Output all of the lines below exactly, and leave out each image.
===== Provided data
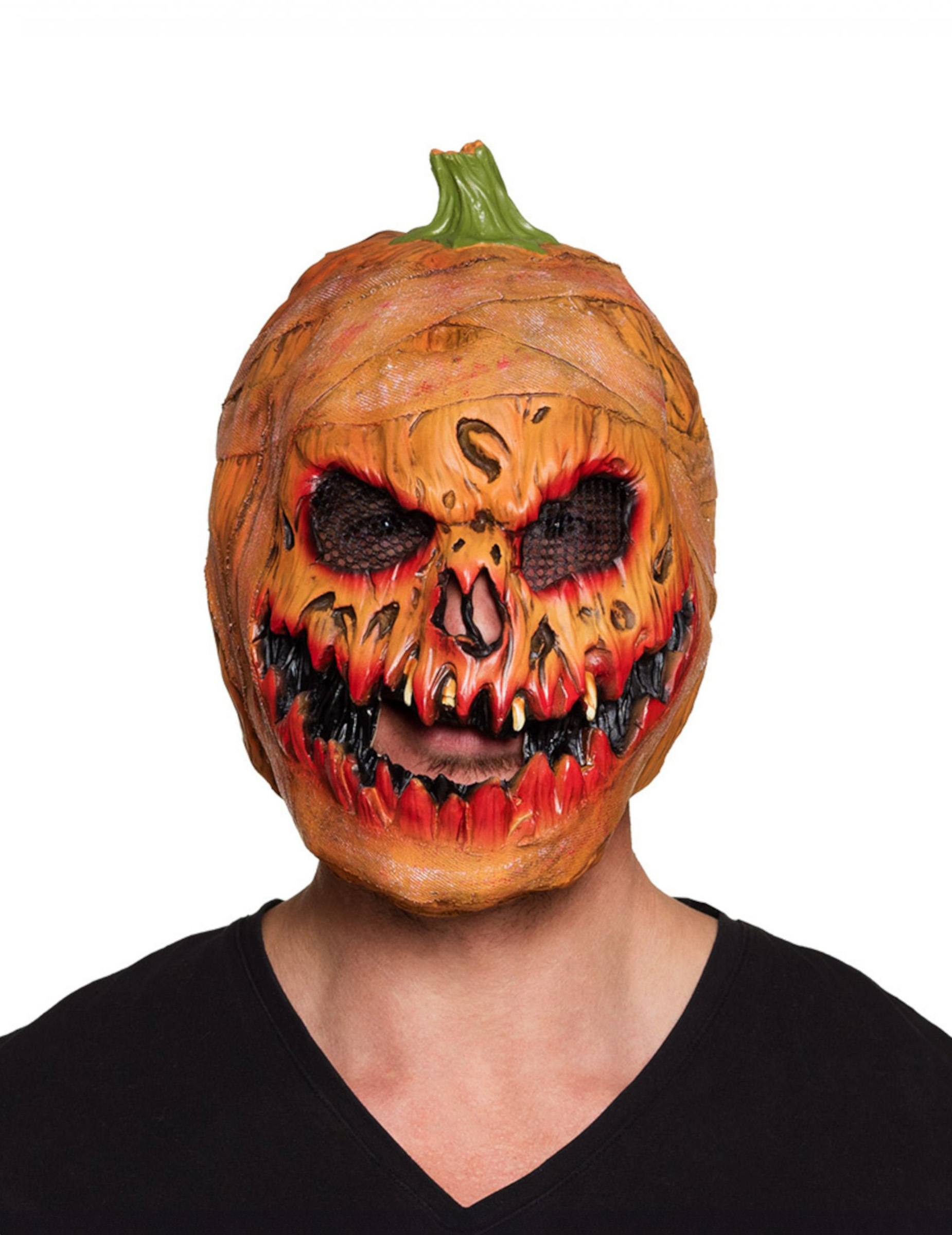 Kürbiskopfmaske für Erwachsene Halloween orange von BOLAND BV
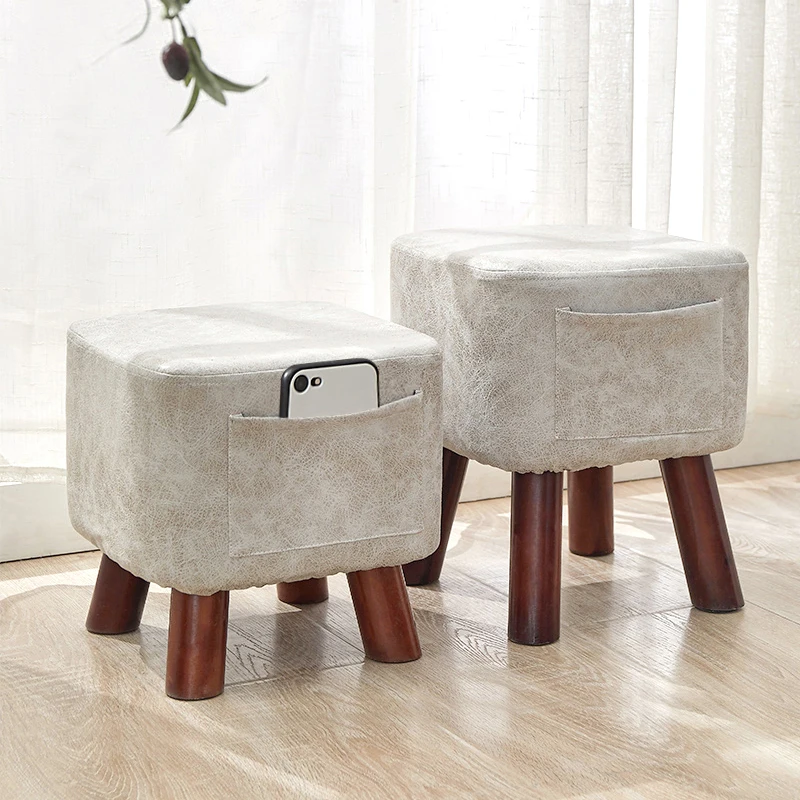 Табурет для смены обуви дома модный диван гостиной из массива дерева маленький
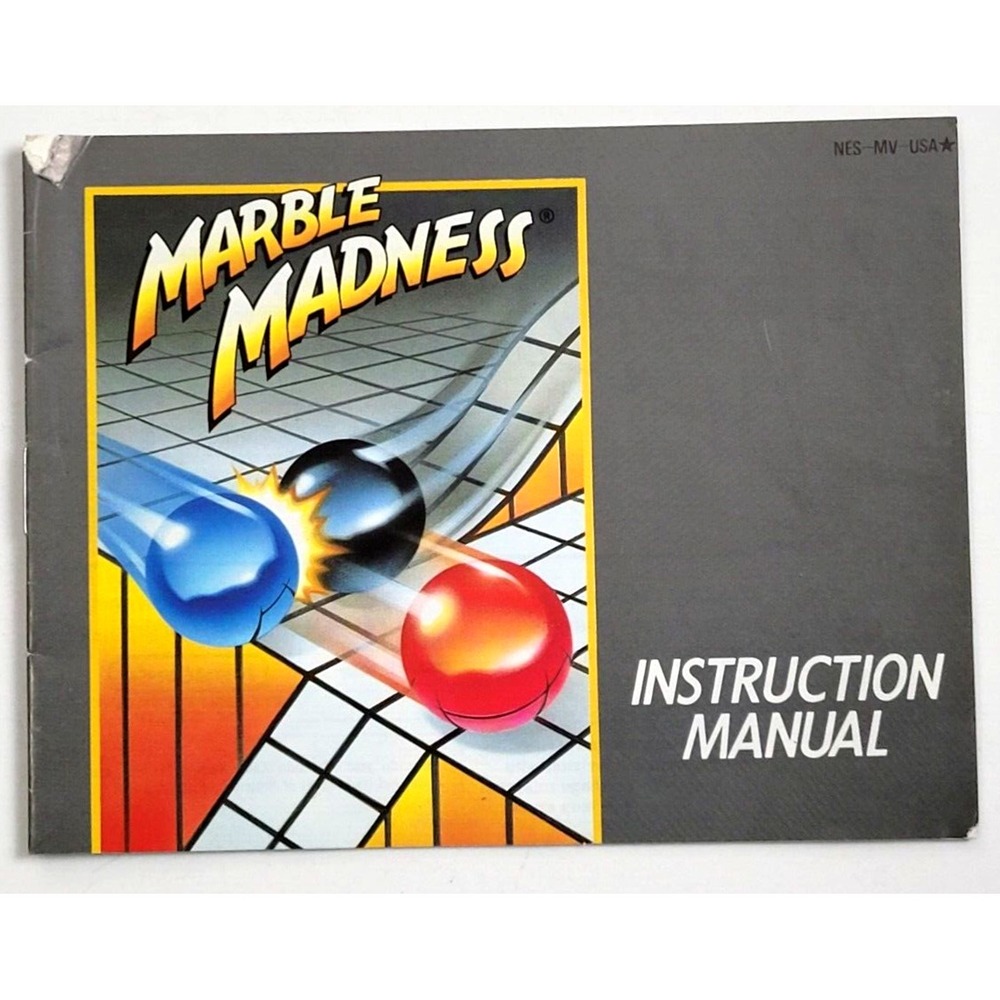 MARBLE MADNESS -  NES GAME‎ MANUAL - NINTENDO GAME MANUAL ONLY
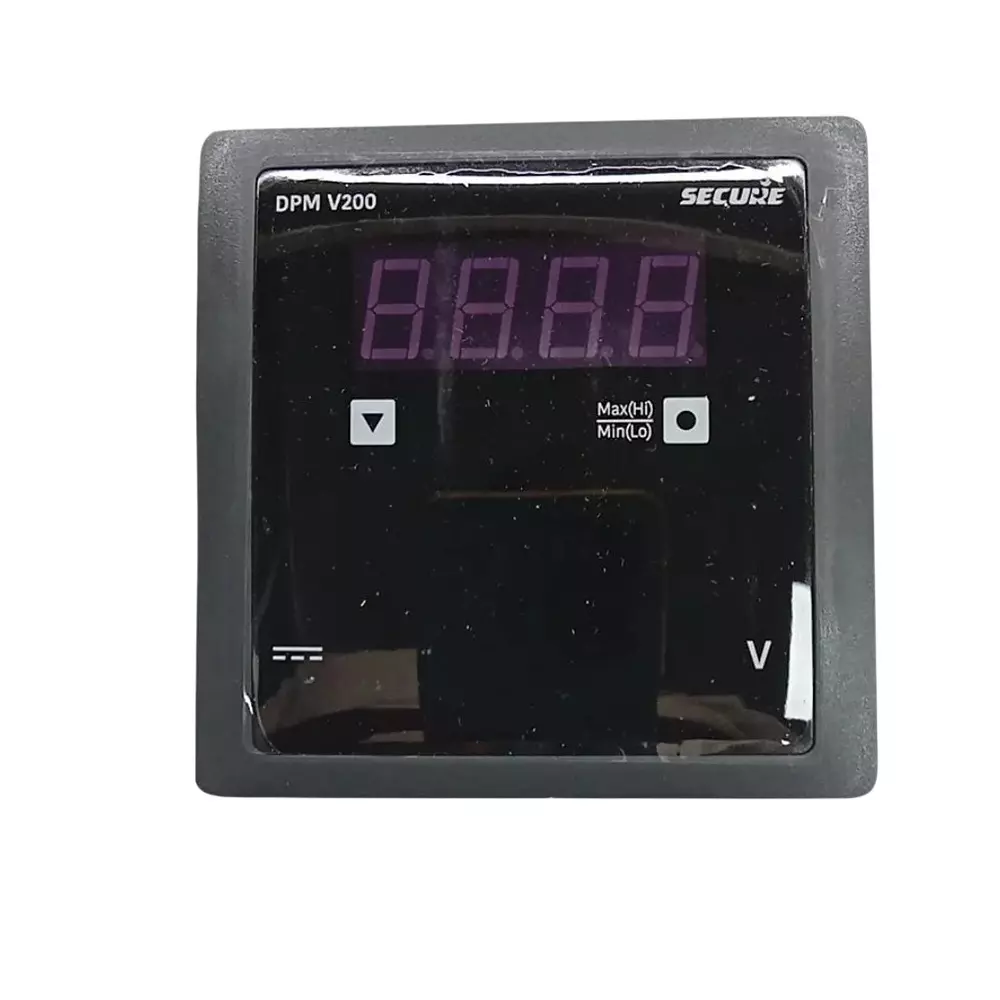 Secure DPM Series DC Voltmeter 1 Phase 1 Line 4 Digit LED Display 96x96 mm, 20 to 500 V Range and 0.2 Accuracy Class, DPM V200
==========
**Answer section**.
 Kürbiskopfmaske für Erwachsene Halloween orange von BOLAND BV
 Табурет для смены обуви дома модный диван гостиной из массива дерева маленький
 MARBLE MADNESS -  NES GAME‎ MANUAL - NINTENDO GAME MANUAL ONLY
 Secure DPM Series DC Voltmeter 1 Phase 1 Line 4 Digit LED Display 96x96 mm, 20 to 500 V Range and 0.2 Accuracy Class, DPM V200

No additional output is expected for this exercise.